CNN classifier on the German Traffic Sign Recognition Benchmark — the Udacity SDC project that introduced TensorFlow before Keras was the default.

What it did

Train a CNN to classify 32×32 images of German traffic signs into 43 classes. Targets in the GTSRB dataset are real photos with mixed lighting, partial occlusions, and class imbalance. Project rubric was ≥93% validation accuracy.

The architecture

LeNet-ish, deliberately small:

Input (32×32×3)
  → Conv5×5 (6 filters) + ReLU + MaxPool 2×2
  → Conv5×5 (16 filters) + ReLU + MaxPool 2×2
  → Flatten → FC(120) → ReLU
  → FC(84) → ReLU
  → FC(43)

Cross-entropy loss, Adam optimizer, batch size 128, ~20 epochs to saturate.

What was actually tricky

Class imbalance. GTSRB has 43 classes but the distribution is long-tailed — some classes have 2,000+ samples, others have under 200. Without weighted loss or augmentation, the model learns the head and ignores the tail.
TensorFlow's session API. Pre-Keras default, you had to wire the graph + the session + the feed-dict manually. A single typo in placeholder names produces a silent shape mismatch buried in the stack trace.
Validation accuracy ≠ real accuracy. The val split was a hold-out of the same recording sessions; the model overfit to the lighting more than the signs. Performance on phone-camera photos was much worse.

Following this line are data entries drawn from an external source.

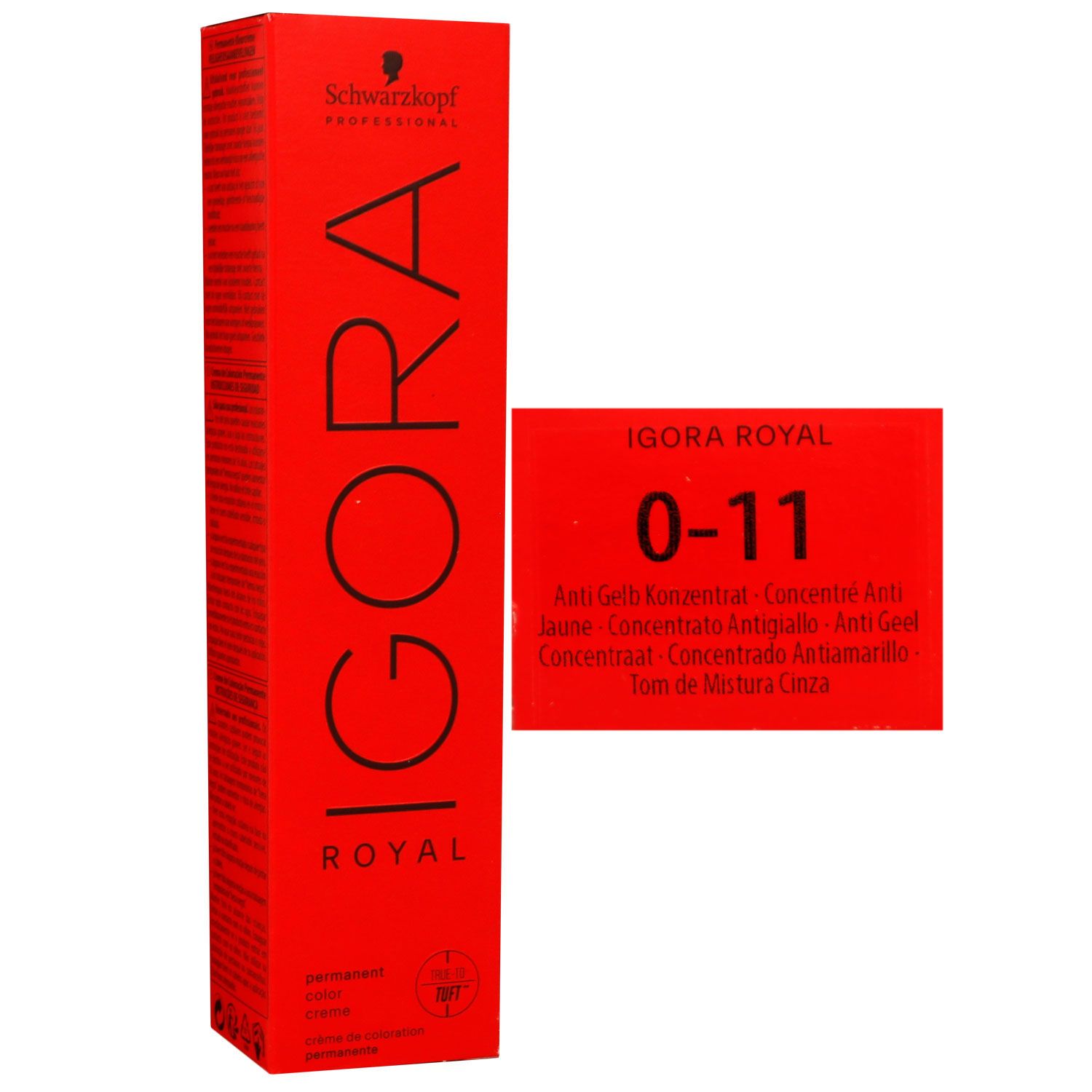 Schwarzkopf Igora Royal 60 ml 0-11 anti gelb konzentrat Haarfarbe Cremefarbe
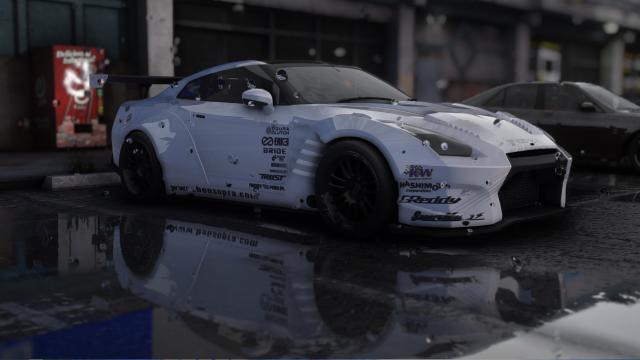 Ben Sopra's 2012 Nissan GT-R (R35) [Add-On / FiveM | Template] для GTA 5
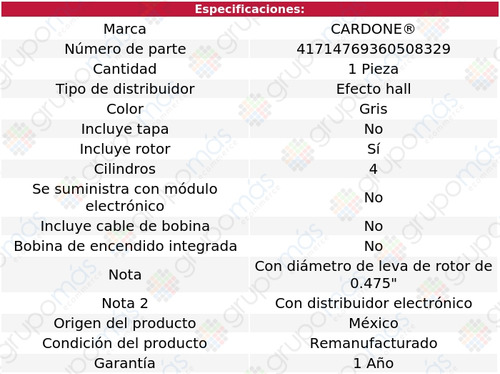 1 Distribuidor Ford Aspire L4 1.3l 94 Al 97 Cardone Reman Foto 5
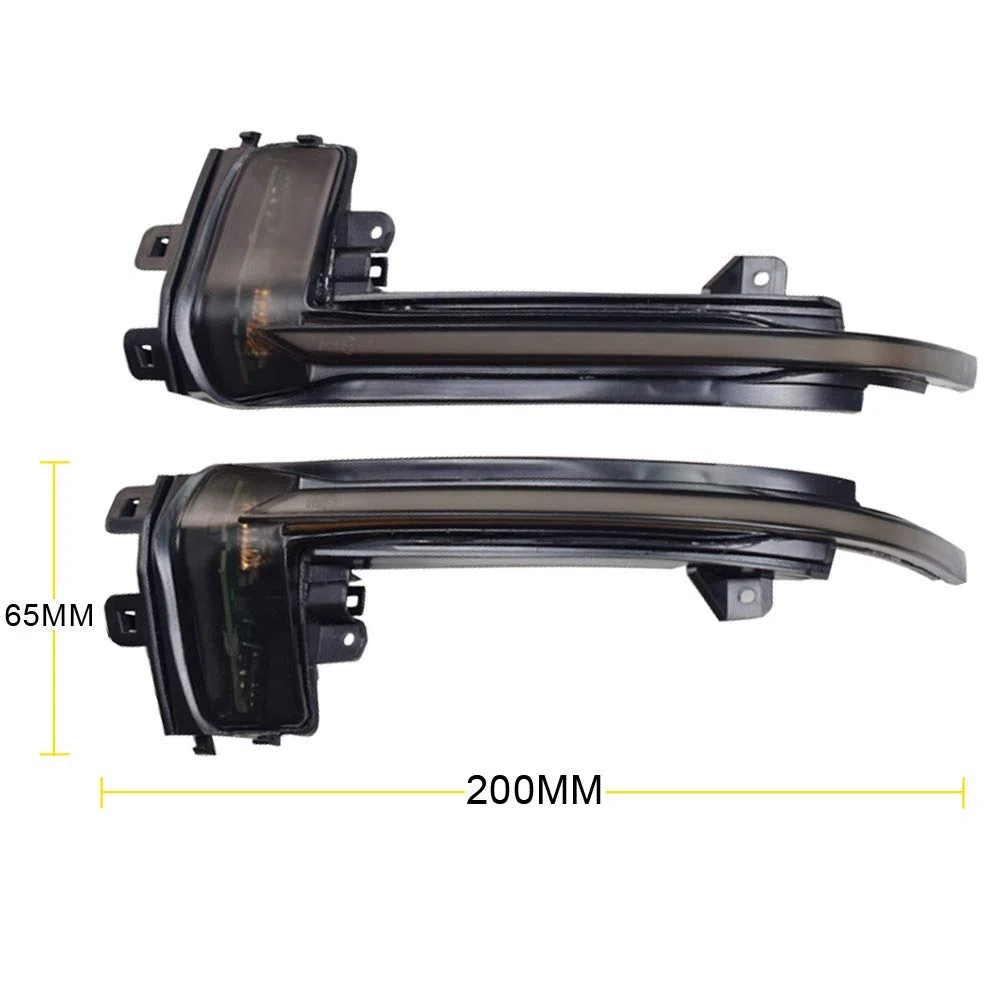 Intermitentes dinámicos LED para Audi A4 S4 B8 8K A5 S5 A6 S6 A8 S8 Q3 SQ3 A3 8P (negro)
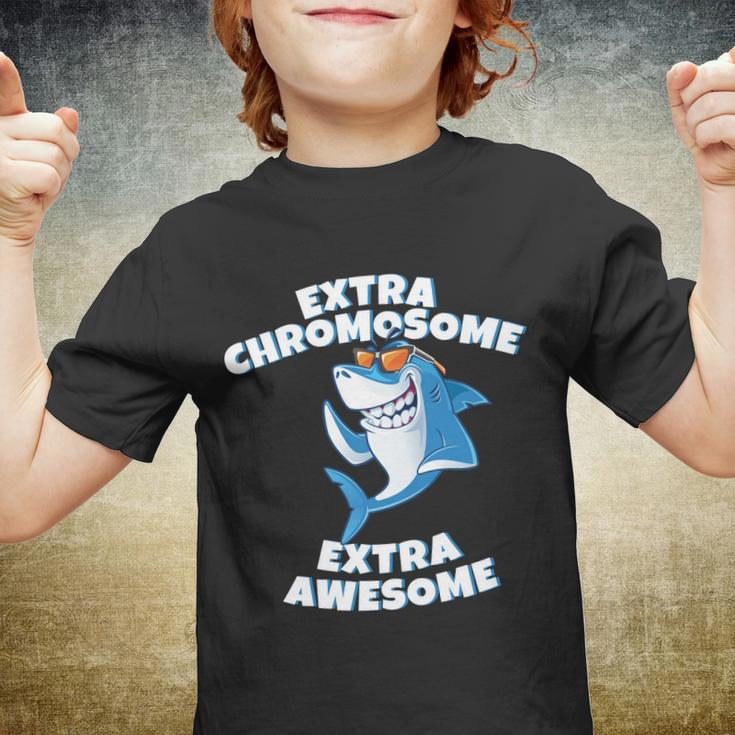 Down Syndrome - Extra Chromosome Shark Youth T-shirt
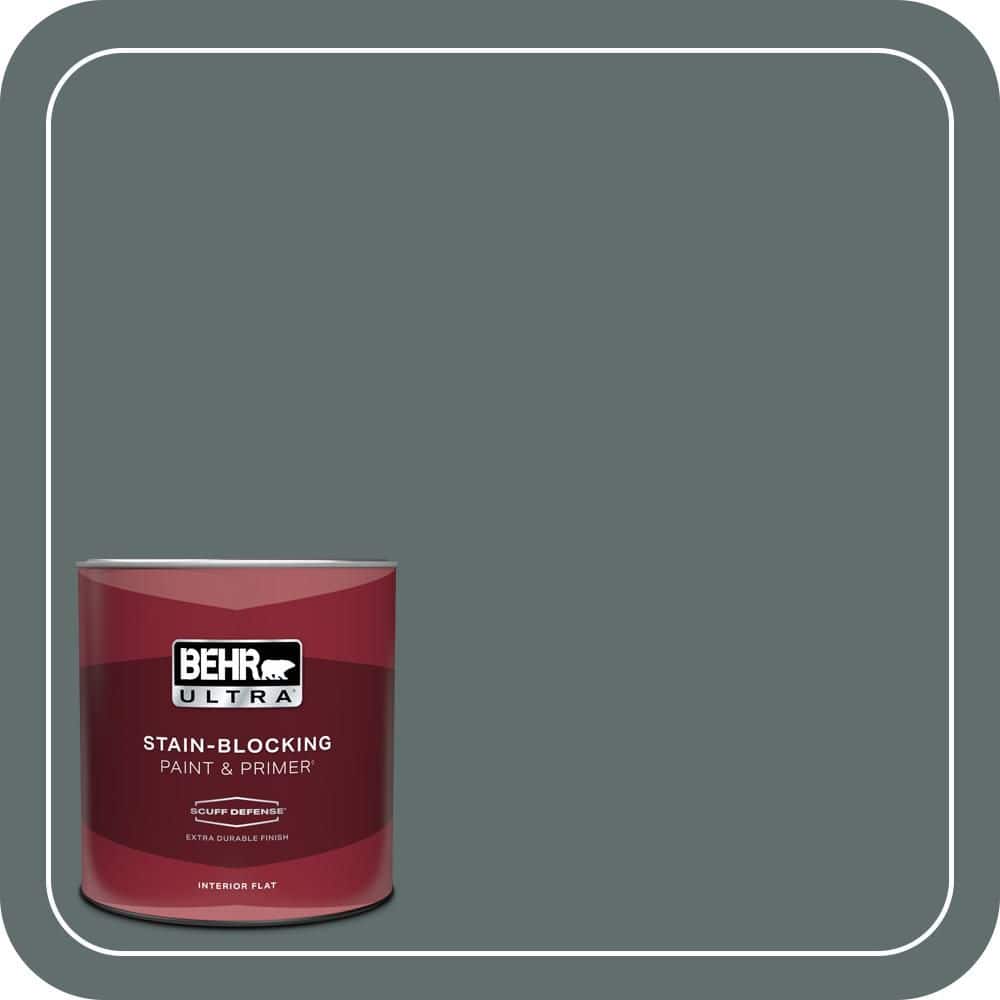 BEHR ULTRA 1 qt. #PPU12-19 Mountain Pine Extra Durable Flat Interior Paint & Primer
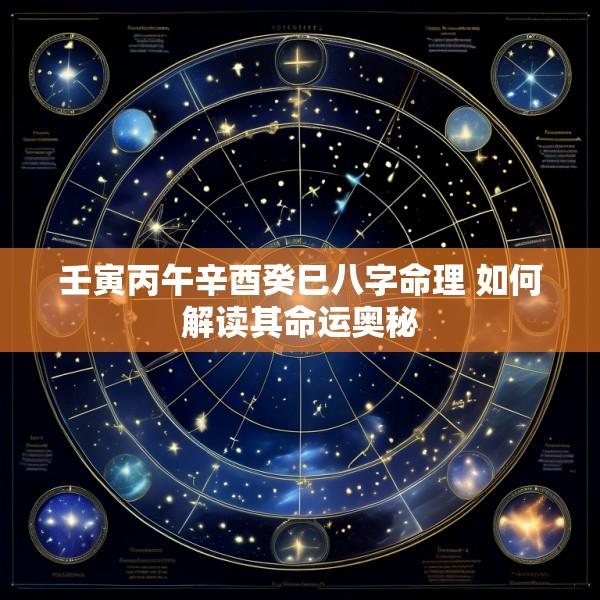 壬寅丙午辛酉癸巳八字命理 如何解读其命运奥秘
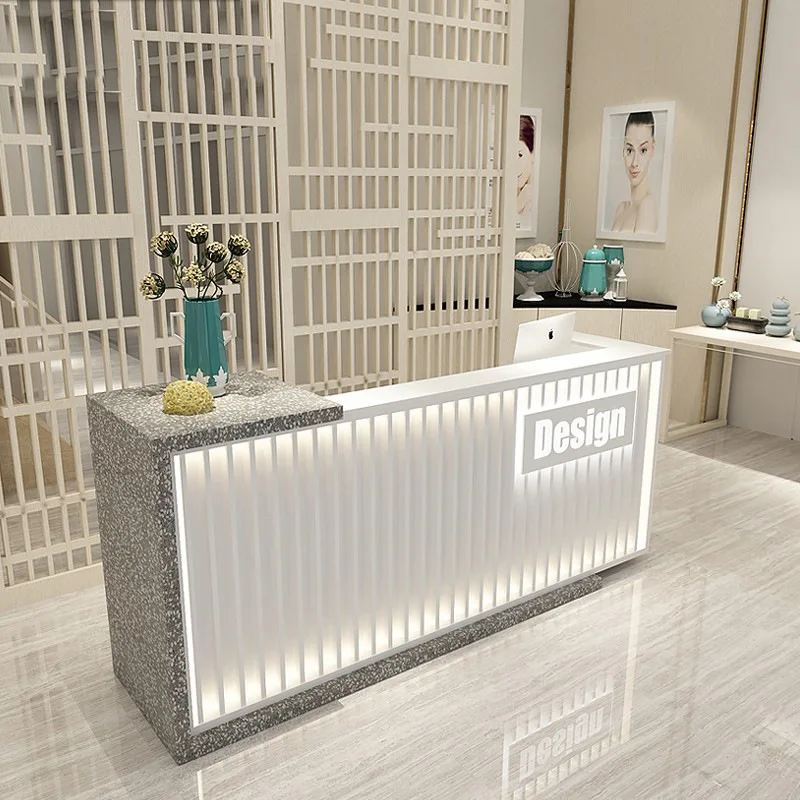 Zero Moq One Piece Customized Luxury Reception Table Google Reception Table Front Desk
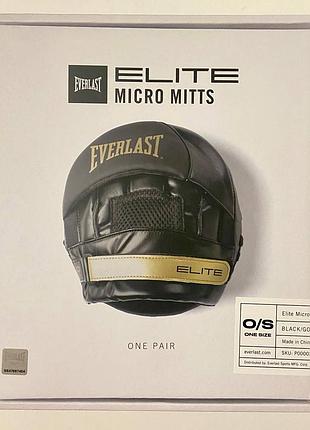 Тренувальні лапи everlast elite 2 punch mitts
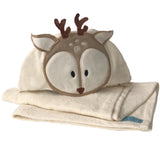 Deer-shaped children's towel, one-size-fits-all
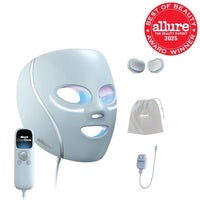Shark CryoGlow Máscara Facial LED con Refrigeración, Reparación Antienvejecimiento y Manchas, Terapia de Luz Infrarroja, Control Remoto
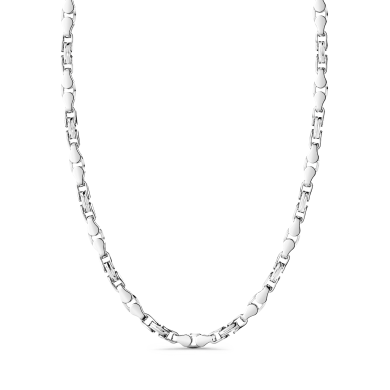 Collier Zancan maille seule en argent.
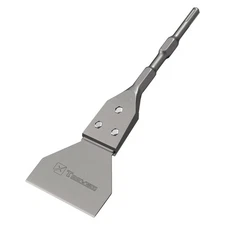 SDS Plus Floor Scraper, TOOVEM 4 Inch Wide Tile Thinset Scaling Chisel, Adhes...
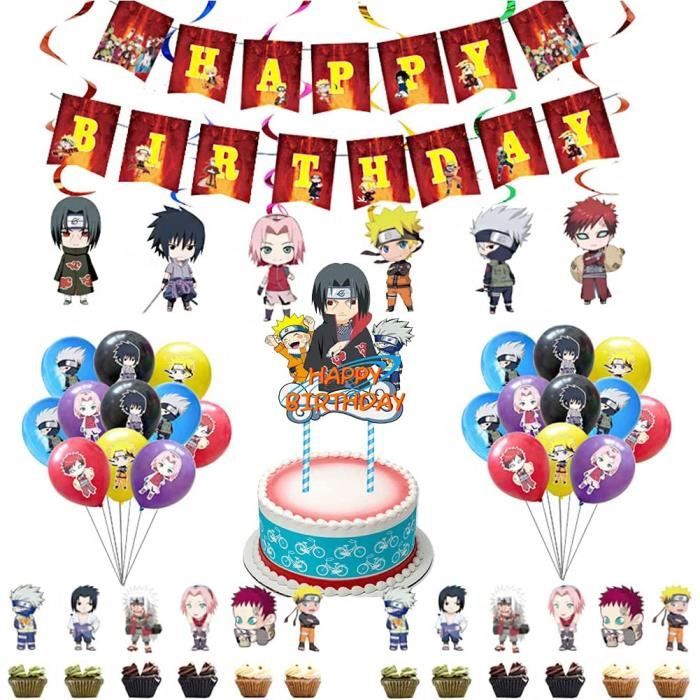 Naruto Theme Fete Ensemble 44pcs Japonais Anime Joyeux Anniversaire Banniere Ballon Pour Enfants Fournitures D Anniversaire D 507 Cdiscount Maison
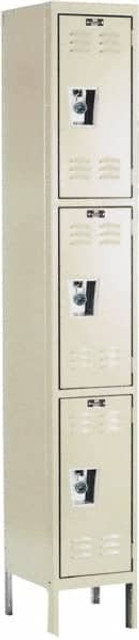 Hallowell URB1228-3A-PT 1-Wide Locker: 12" Wide, 11" Deep, 78" High, Padlock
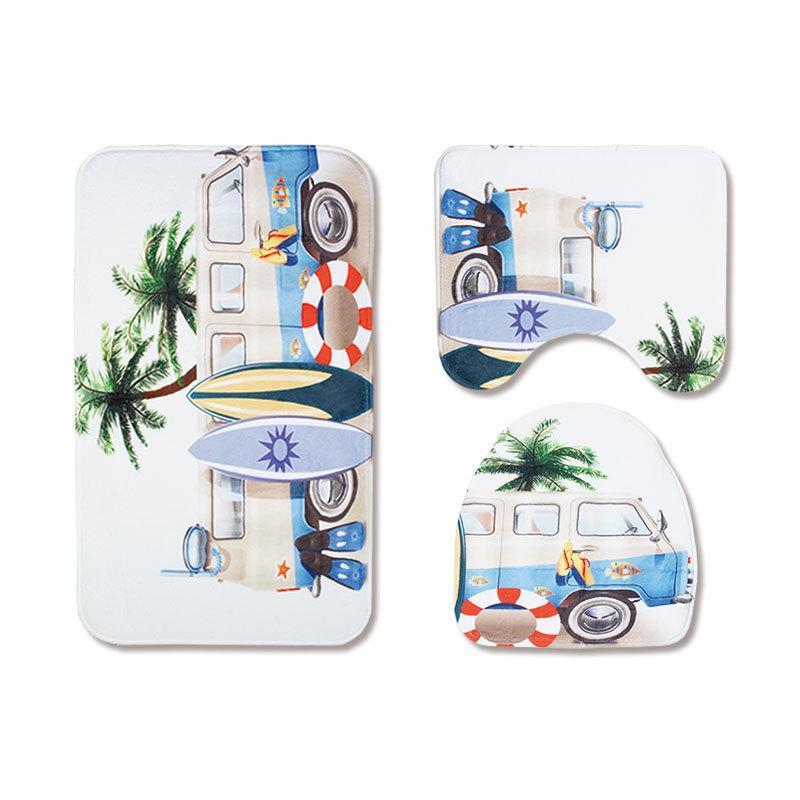 On the Road Happy Camper Bath Mat-621-0027-S2-Theone Apparel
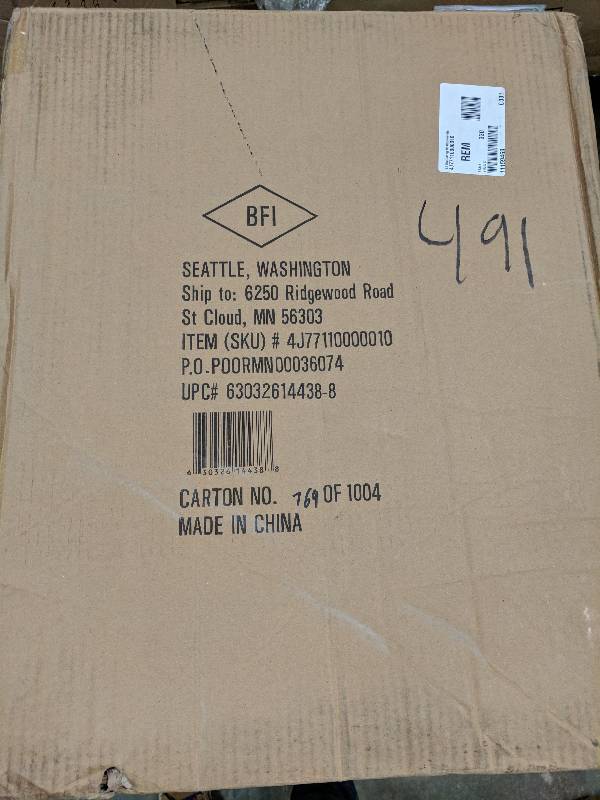 lot 491 image: Optimus 14 Oscillating Radiant Dish Heater with Remote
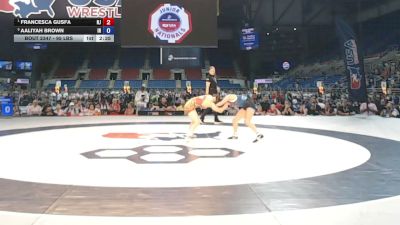 95 lbs Semis - Francesca Gusfa, New Jersey vs Aaliyah Brown, Indiana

What I'd do differently with hindsight

Start with a small pretrained ResNet18. Fine-tuning ImageNet features for ~1 hour beats training from scratch for ~3 hours, on this small a dataset.
Augment aggressively. Random brightness, contrast, perspective, occlusion — GTSRB is rotation-symmetric enough that horizontal flip doesn't apply, but everything else helps.
Use a proper CV strategy. k-fold split by recording session (not by frame) prevents the same sign appearing in train and val.

What it taught me

The first time I trained a CNN end-to-end. The shock wasn't that it worked — it was how aggressively the model memorized the training distribution and failed on anything just outside it. That experience informed every later ML project: spend the first hour finding the weird examples in your data; the model will too.